── EXERCISE DATA

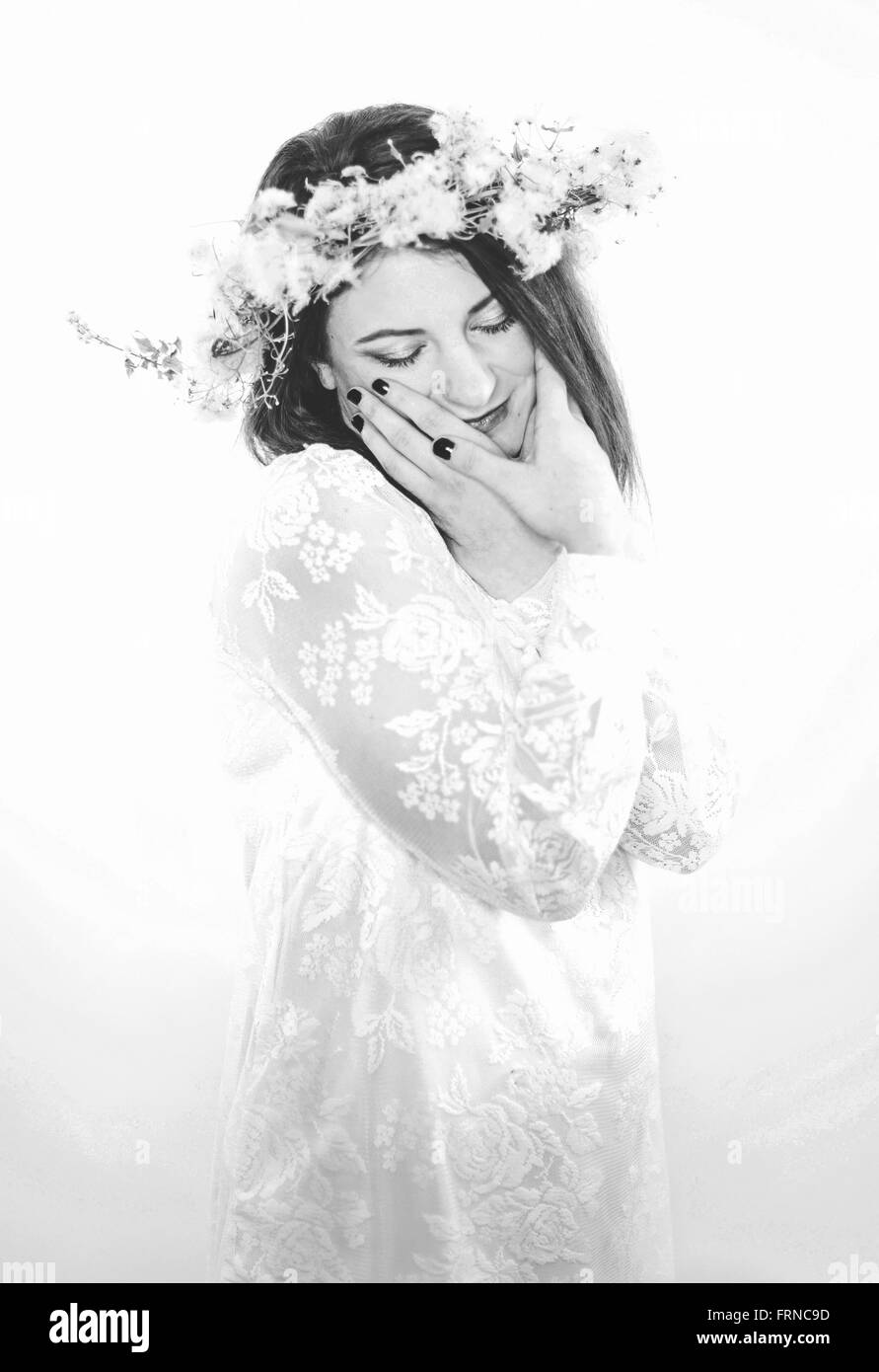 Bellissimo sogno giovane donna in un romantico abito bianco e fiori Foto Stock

────
── EXERCISE DATA

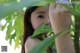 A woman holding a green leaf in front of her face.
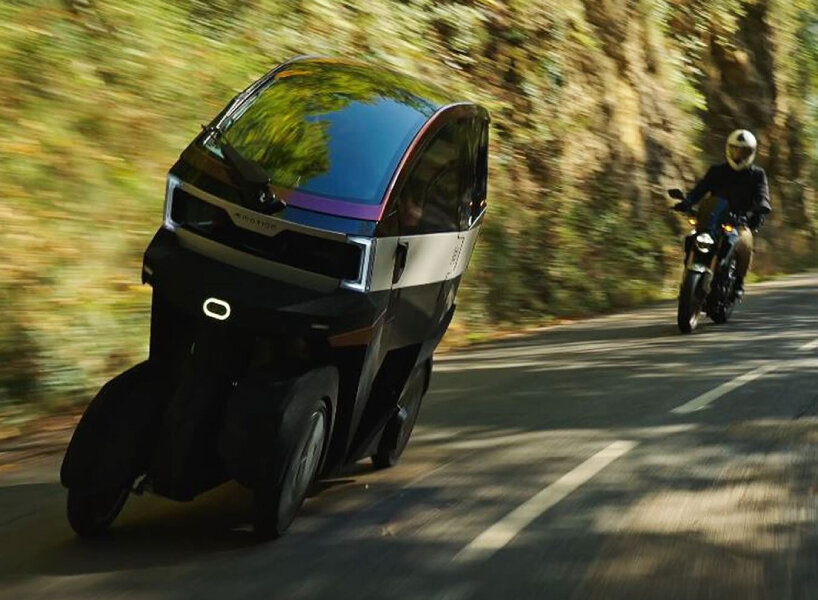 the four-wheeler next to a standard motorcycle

────
── EXERCISE DATA

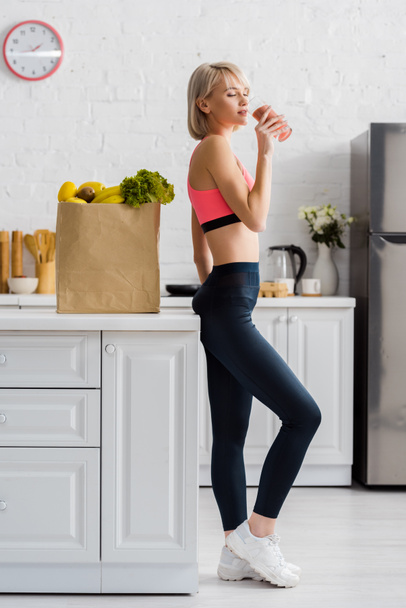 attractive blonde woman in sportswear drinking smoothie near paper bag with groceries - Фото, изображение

────

[YOUR ASSIGNMENT]: Reproduce exactly the lines above starting at the line containing "A woman holding" and ending at the line containing "the four-wheeler next", including both, but not the pictures.

[EXERCISE SOLUTION]:
 A woman holding a green leaf in front of her face.
 the four-wheeler next to a standard motorcycle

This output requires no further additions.